### [Exercise]
Can you transcribe every entry word for word, skipping the images?

### [Source material]
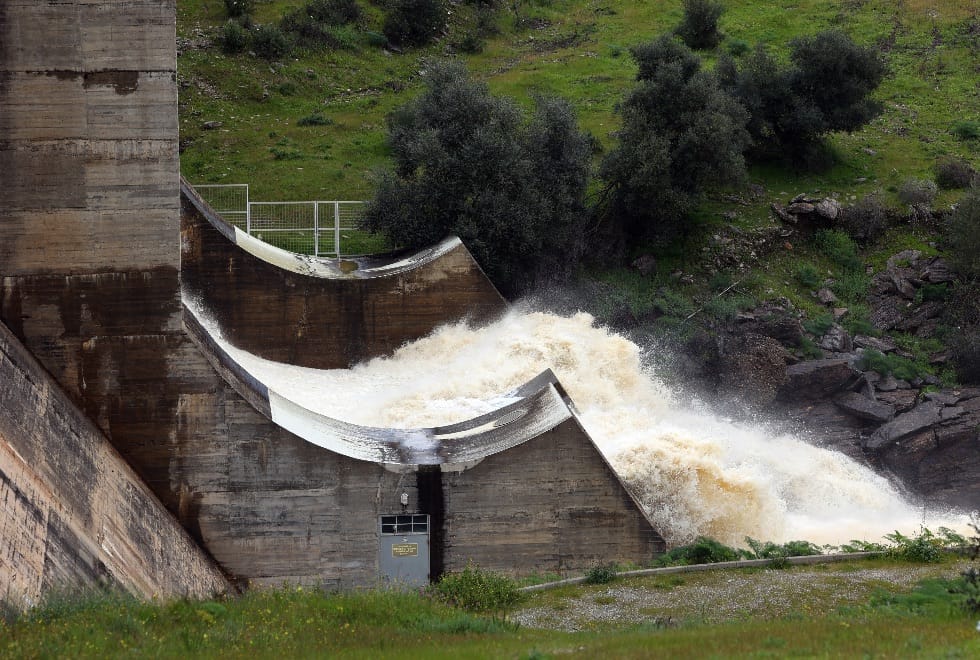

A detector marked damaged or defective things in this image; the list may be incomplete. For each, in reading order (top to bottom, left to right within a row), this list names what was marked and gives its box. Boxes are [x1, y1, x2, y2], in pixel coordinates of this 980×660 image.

damaged spillway gate [0, 0, 664, 604]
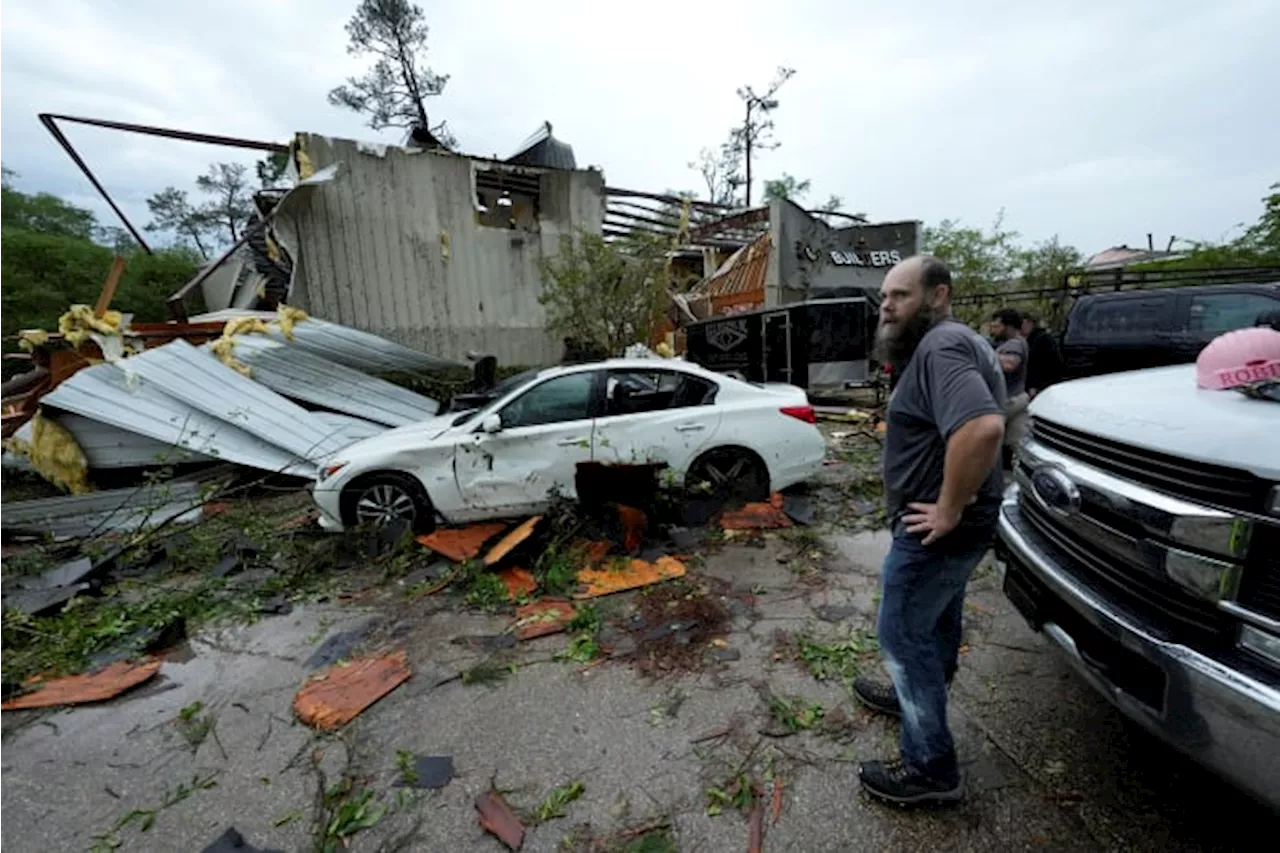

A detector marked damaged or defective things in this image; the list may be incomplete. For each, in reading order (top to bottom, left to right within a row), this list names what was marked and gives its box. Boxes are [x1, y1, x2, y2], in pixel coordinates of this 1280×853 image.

damaged roofline [38, 112, 289, 256]
broken wall [276, 136, 604, 366]
broken wall [768, 199, 921, 306]
dented car door [455, 371, 599, 514]
damaged white car [314, 356, 824, 527]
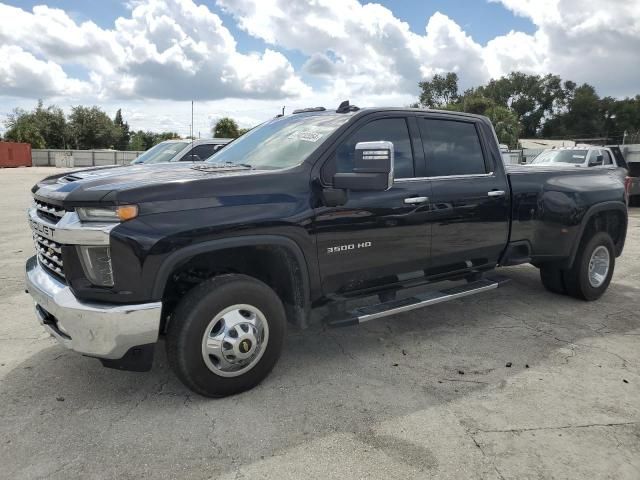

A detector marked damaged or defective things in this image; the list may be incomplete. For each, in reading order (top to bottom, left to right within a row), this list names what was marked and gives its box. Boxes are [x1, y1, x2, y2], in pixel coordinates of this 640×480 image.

### [The completed task]
A detector marked damaged or defective things in this image; the list may be incomplete. For each, in reading order (top to bottom, left to right within a row), this list names what was marked and gives its box. Boxes are [x1, y1, x2, y2], in pixel coordinates of this 980×660 image.

damaged spillway gate [0, 0, 664, 604]

A detector marked damaged or defective things in this image; the list may be incomplete. For each, in reading order (top to bottom, left to right within a row), this list names what was marked and gives its box. Boxes are [x1, y1, x2, y2], in pixel coordinates of this 1280×853 image.

damaged roofline [38, 112, 289, 256]
broken wall [276, 136, 604, 366]
broken wall [768, 199, 921, 306]
dented car door [455, 371, 599, 514]
damaged white car [314, 356, 824, 527]

A detector marked damaged or defective things in this image; the list may be incomplete. For each, in reading order (top to bottom, left to right within a row), this list names what was marked and gives its box. Boxes are [x1, y1, x2, y2], in pixel coordinates of this 640×480 image.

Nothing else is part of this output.